Maternal mood and positive feelings associated with parenting and attachment to the child modulate activity in brain regions that mediate affect and social behavior, influencing the activity of the amygdala, the thalamus, the insula, the ACC, and the PFC (Atzil et al., 2011; Barrett et al., 2012; Laurent & Ablow 2013; Michalska et al., 2014). For example, the amygdala is a critical brain region activated by salience of an infant stimulus, which, together with the reward system, promotes approach behaviors in parenting (Kim et al., 2016; Numan, 2012; Ranote et al., 2004; Strathearn & Kim, 2013; Wan et al., 2014). However, the amygdala shows variability in its involvement; for example, ROI analysis revealed significant amygdala activation with the own child happy face, when contrasted with other child happy face, but no significant amygdala activity modulation was found with sad and neutral affects (Strathearn et al., 2008). Other research with amygdala shows higher deactivation with the own child face than other child (Bartels & Zeki, 2004). In still other findings the amygdala is activated in association with “own” or “other” vs. baseline, and no differences were found from a direct comparison of own child vs other child face (Hoekzema et al., 2017). Given that contributors to research of parenting in non-human and human mammals point to core brain regions that regulate maternal behaviors, it is important to more completely account for observed variability in maternal brain activity and identify regions that converge across studies. Meta-analysis can be used to pinpoint fundamental neural regions involved in maternal responses that reflect the special status of “own child” among typical (healthy) human mothers.

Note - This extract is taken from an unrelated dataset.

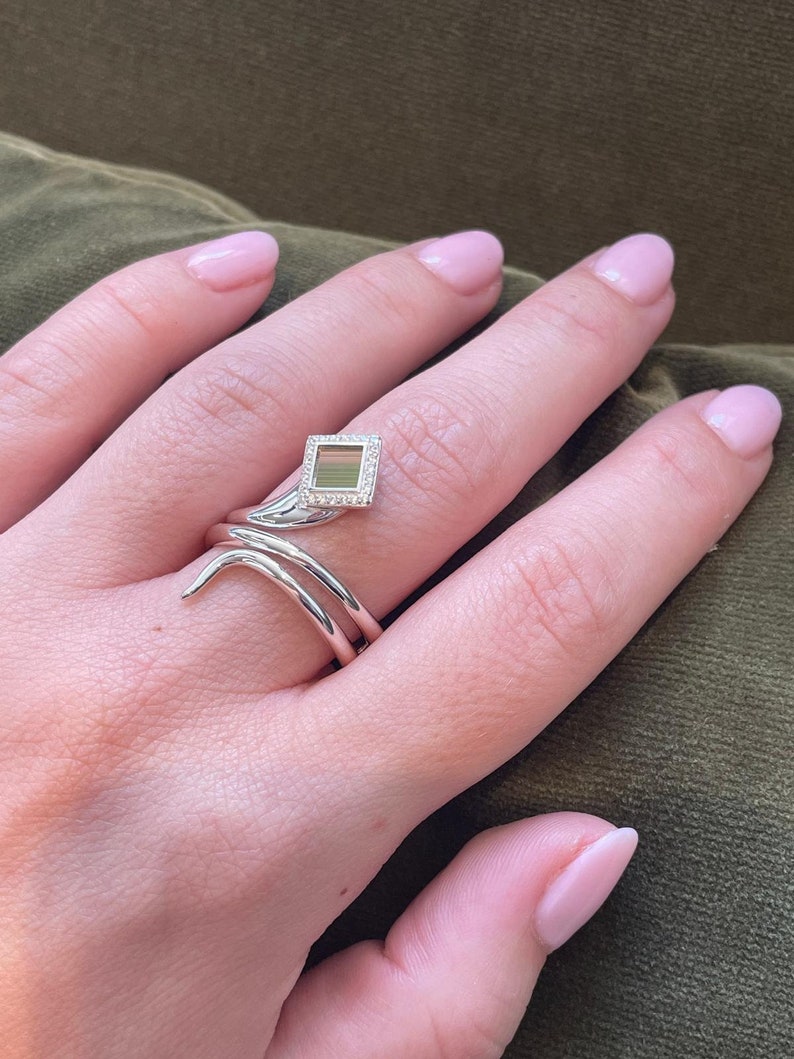 Nano Bible Rings, 925 Silver, silver ring, Christian jewelry, Tiny Bible Ring, Christian gift, Gift for Her, gift for mom, gift for sister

The aim of this meta-analysis was to identify maternal brain regions that are selectively and specifically activated when viewing own child versus other children, independent of the other stimulus modalities (i.e., auditory stimuli as child vocalization or cry). One meta-analysis focused on maternal brain responses to a variety of stimuli, including child’s cries and faces. That cross-modality meta-analysis aimed to reveal which cerebral regions are the target of oxytocin (OT) and activated in mothers by pictures of their own maternal-child interaction or their own child face or cry (Rocchetti et al., 2014). However, it is crucial to examine neural regions engaged by infant cries and faces separately. Looking at neural responses to infant cry might be developmentally appropriate during the first few months postpartum, whereas neural responses to faces can be reliably assessed in mothers with children over a wider age range. Furthermore, responses to infant faces is a good way to assess maternal neural activity during a typical range of everyday mother-infant interactions whereas responses to infant cry are perforce more specific to situations of infant distress. Infant distress can elicit a wide range of maternal brain responses that may reflect, for example, the urgency to respond, the attempt to understand the cause of infant stress, or mothers’ own negative feelings in reaction to cry. Here, we confined our analysis to brain activation in mothers as elicited by their own child’s (versus a stranger child’s) face. Given our interest in the maternal cerebral activation in response to the special status of “own child” (vs. other child), and to avoid specific emotions that would likely elicit specific behaviors of care in mothers, we focused as much as possible on neutral visual stimuli.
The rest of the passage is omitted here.